Styrbjarnar þáttr Svíakappa (The Tale of Styrbjörn the Swedish Champion) is a short story, a þáttr on the Swedish claimant and Jomsviking Styrbjörn the Strong preserved in the Flatey Book (GKS 1005 fol 342-344, ca 1387-1395).

It is inserted together with Hróa þáttr heimska in the description of Olaf Haraldsson's wooing of the Swedish princess Ingegerd Olofsdotter. Their purpose appears to be to present the Swedish court, its traditions and Þorgnýr the Lawspeaker.

In the story, Styrbjörn becomes the leader of the Jomsvikings and makes war against the Danes, until he makes peace with the Danish king Haraldr Gormsson who in return gave Styrbjörn his daughter and 100 ships.

However, Styrbjörn is not happy with the agreement and attacks Denmark with an even larger fleet and forces king Harald to give him 200 ships and the king himself as a hostage.

Styrbjörn goes back to Sweden to take the Swedish throne.

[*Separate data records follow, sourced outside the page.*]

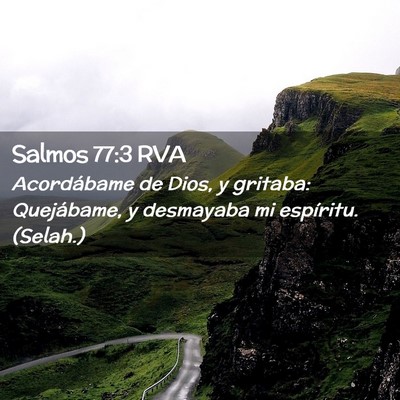 Picture 02 - Salmos 77:3 RVA - Acordábame de Dios, y gritaba: Quejábame, y - Bible Verse Picture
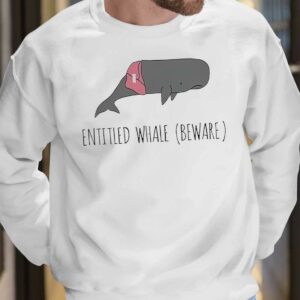 Entitled Whale Beware shirt 7 14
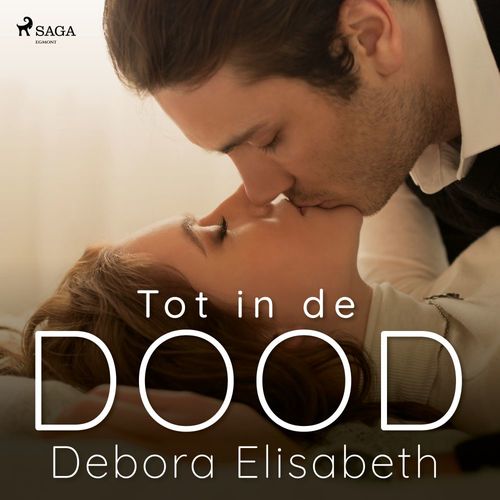 Couverture audiobook de Tot in de dood, de Debora Elisabeth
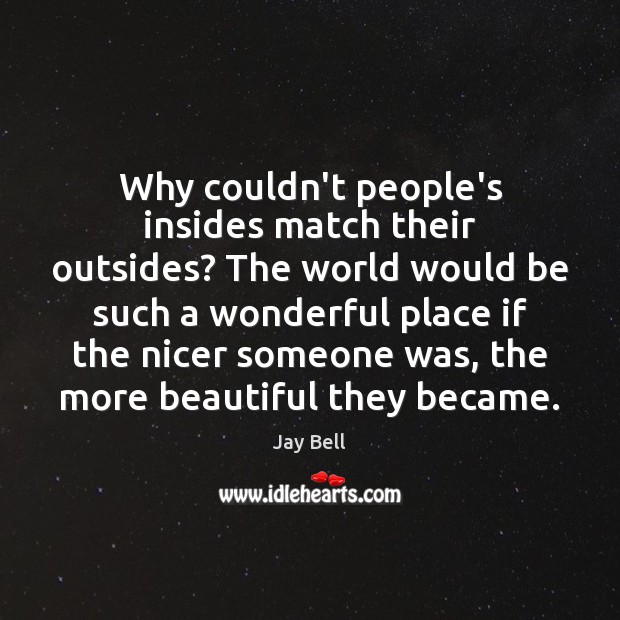 Why couldn’t people’s insides match their outsides? The world would be such Jay Bell Picture Quote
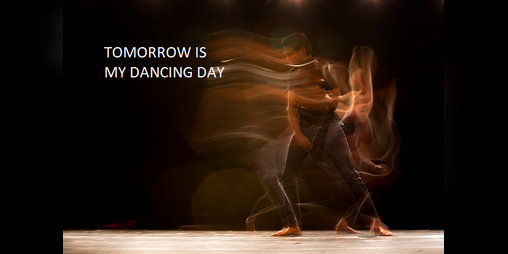 Cover image for Tomorrow is My Dancing Day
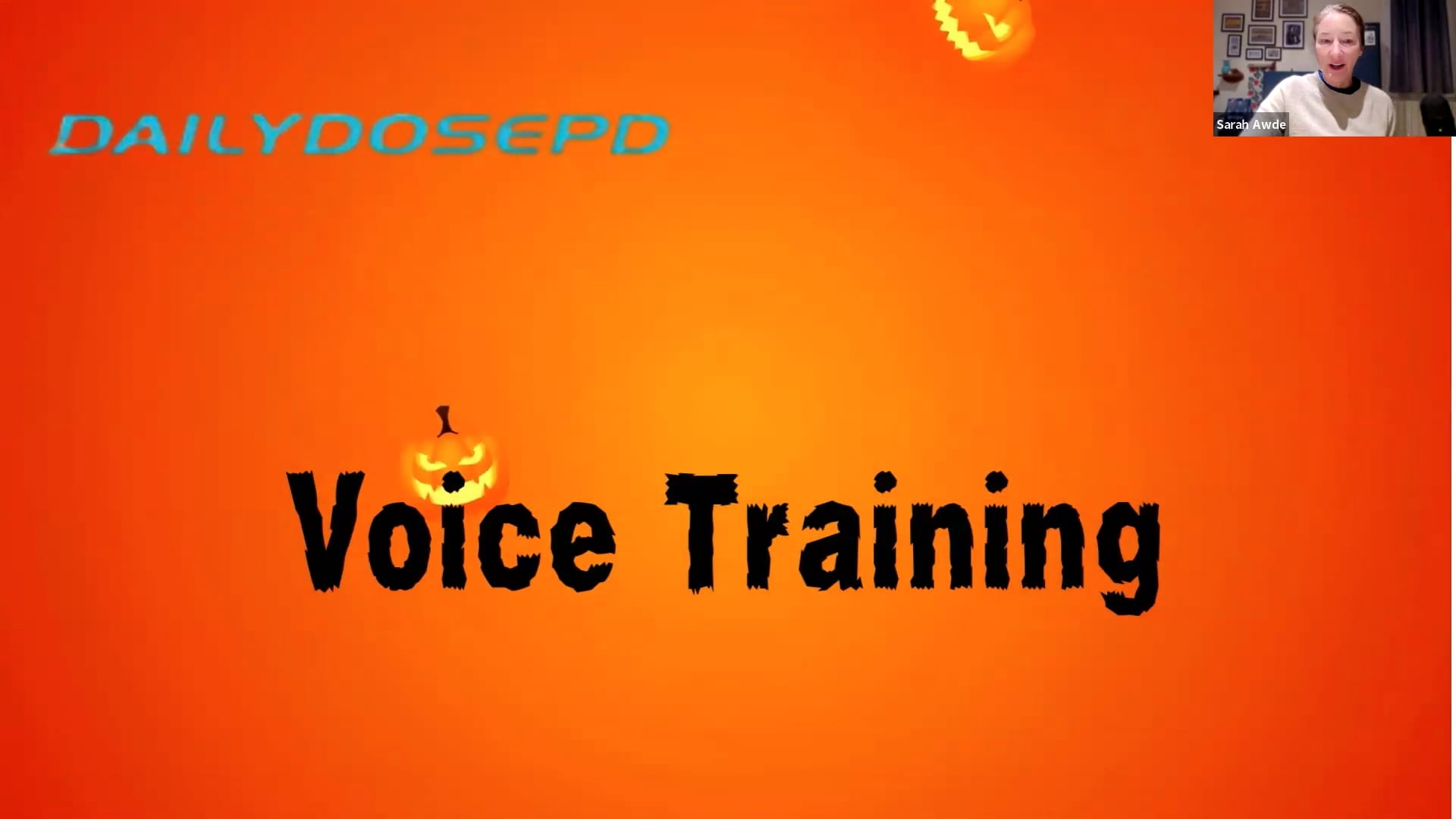 Voice Training: Halloween Theme (10.29.25)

Styrbjörn has sacrificed to Thor, but Eric the Victorious has sacrificed to Odin and has promised to belong to Odin within ten years if he wins.

When the forces meet, Þorgnýr the Lawspeaker has created an ingenious war machine by tying horses and cows together with spears and spikes. This war machine wreaks havoc among the Jomsvikings. After three days of battle, Eric throws his spear over the Danes and cries "I give you all to Odin", and a landslide and a rain of Odin's arrows kill Styrbjörn and his men.